The first inventor defense is subject to several significant limitations and qualifications:
- The invention on which the defense is based cannot have been derived from the patentee.
- The defense extends only to those patent claims for which the person can assert the defense—not to all claims of the patent at issue.
- The commercial use of an invention on behalf of a nonprofit research laboratory or entity may be asserted as a defense only for continued use by and in that laboratory or entity.
- A person who has abandoned commercial use of the invention at issue may not rely on activities performed before such abandonment to establish a defense with respect to actions taken after abandonment.
The first inventor defense must be established by clear and convincing evidence, and the penalty for unsuccessful assertion of the defense can be costly. A court is required by the AIPA to find a case exceptional for the purpose of awarding attorney fees if the person asserting the defense is found to infringe the asserted patent and fails to demonstrate a reasonable basis for asserting the defense.
The first inventor defense must be established by clear and convincing evidence, and the penalty for unsuccessful assertion of the defense can be costly.
Significantly, the AIPA also provides that a patent is not deemed to be invalid solely because the first inventor defense is raised or established. The patent can therefore be asserted against other infringers.
Transferring the Defense
The first inventor defense can only be asserted by the person who performed the acts necessary to establish the defense. The right to assert the defense cannot generally be licensed, assigned, or transferred to another person.
The defense can, however, be transferred to the patent owner. Also, the right to assert the defense can be transferred to another if it is part of a transfer of the entire enterprise or line of business to which the defense relates. When acquired as a part of such a transfer, however, the defense can only be asserted for uses at sites where the invention was in use before the patent’s filing date or the transfer date, whichever occurs later.
Until the first inventor defense is litigated, the exact scope of the defense remains in question, and the precise meanings of the terms “method” and “commercial use” are yet to be established. Nevertheless, the defense should be considered as a factor when deciding whether to pursue patent protection for a business method or to maintain that business method as a trade secret.

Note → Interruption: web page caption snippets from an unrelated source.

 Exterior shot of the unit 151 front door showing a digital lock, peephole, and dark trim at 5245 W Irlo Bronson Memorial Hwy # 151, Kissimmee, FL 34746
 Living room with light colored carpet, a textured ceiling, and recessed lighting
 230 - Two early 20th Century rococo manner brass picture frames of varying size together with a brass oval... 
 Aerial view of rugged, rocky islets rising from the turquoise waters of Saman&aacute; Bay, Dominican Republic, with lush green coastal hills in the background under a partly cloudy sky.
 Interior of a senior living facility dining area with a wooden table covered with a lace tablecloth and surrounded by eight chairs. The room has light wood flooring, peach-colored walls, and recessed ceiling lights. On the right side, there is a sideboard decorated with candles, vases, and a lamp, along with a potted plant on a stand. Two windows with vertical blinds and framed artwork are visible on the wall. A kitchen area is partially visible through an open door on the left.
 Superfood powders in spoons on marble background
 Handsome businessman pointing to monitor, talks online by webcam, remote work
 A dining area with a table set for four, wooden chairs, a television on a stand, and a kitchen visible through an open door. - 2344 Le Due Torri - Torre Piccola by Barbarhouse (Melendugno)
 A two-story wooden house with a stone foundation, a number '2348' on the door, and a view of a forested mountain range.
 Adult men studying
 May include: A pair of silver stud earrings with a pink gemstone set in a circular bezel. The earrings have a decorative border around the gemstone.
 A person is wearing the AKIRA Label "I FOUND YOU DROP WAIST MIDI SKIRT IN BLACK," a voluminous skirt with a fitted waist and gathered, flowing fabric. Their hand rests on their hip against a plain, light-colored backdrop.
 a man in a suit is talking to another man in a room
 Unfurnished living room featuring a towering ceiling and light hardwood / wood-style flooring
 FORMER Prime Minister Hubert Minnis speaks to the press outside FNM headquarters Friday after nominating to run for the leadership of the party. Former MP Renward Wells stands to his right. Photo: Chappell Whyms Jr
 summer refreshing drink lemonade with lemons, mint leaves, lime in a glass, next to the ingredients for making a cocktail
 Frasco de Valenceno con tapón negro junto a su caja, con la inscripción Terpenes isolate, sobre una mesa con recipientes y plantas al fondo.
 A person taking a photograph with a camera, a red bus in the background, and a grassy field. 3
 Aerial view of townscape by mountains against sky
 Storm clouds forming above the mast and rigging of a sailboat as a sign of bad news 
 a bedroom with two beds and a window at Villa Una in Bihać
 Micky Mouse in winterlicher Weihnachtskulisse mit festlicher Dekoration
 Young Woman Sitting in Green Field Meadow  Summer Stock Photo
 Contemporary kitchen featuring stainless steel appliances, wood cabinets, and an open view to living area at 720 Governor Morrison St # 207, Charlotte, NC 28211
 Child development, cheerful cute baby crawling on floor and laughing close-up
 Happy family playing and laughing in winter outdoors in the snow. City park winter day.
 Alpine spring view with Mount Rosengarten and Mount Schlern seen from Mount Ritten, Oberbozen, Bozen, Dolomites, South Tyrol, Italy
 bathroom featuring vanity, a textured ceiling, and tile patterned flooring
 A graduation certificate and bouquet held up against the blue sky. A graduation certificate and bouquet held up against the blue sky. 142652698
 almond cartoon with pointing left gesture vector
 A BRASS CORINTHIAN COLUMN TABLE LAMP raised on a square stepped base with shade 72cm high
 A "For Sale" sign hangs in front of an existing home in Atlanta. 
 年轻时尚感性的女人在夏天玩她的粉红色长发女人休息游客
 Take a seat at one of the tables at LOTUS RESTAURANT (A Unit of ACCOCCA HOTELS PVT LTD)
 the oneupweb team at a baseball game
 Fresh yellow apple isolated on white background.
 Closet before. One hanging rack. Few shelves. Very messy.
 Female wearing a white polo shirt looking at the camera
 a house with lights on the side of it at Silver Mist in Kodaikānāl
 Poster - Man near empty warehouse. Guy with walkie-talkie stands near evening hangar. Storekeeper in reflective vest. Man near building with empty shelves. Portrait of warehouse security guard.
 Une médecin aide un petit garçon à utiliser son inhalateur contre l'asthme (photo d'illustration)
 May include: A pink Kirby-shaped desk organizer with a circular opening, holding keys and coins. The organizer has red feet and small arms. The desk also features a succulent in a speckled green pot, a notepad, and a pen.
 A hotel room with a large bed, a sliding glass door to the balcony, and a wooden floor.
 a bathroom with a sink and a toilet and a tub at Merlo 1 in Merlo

If trade secret protection is pursued, several steps can be taken to preserve the first inventor defense in the event that a second inventor obtains and asserts a patent. For example, it would be prudent to document and retain the following evidence:
- dates and details of actual reduction to practice (to establish that the invention was reduced to practice at least one year before an asserted patent’s filing date);
- dates and details of “commercial use” in the United States (to establish that the invention was commercially used before the patent’s filing date);
- documentation of independent invention (to rebut an assertion that the invention was derived from the patentee); and
- documentation of continued use (to rebut an assertion that commercial use of the invention was abandoned).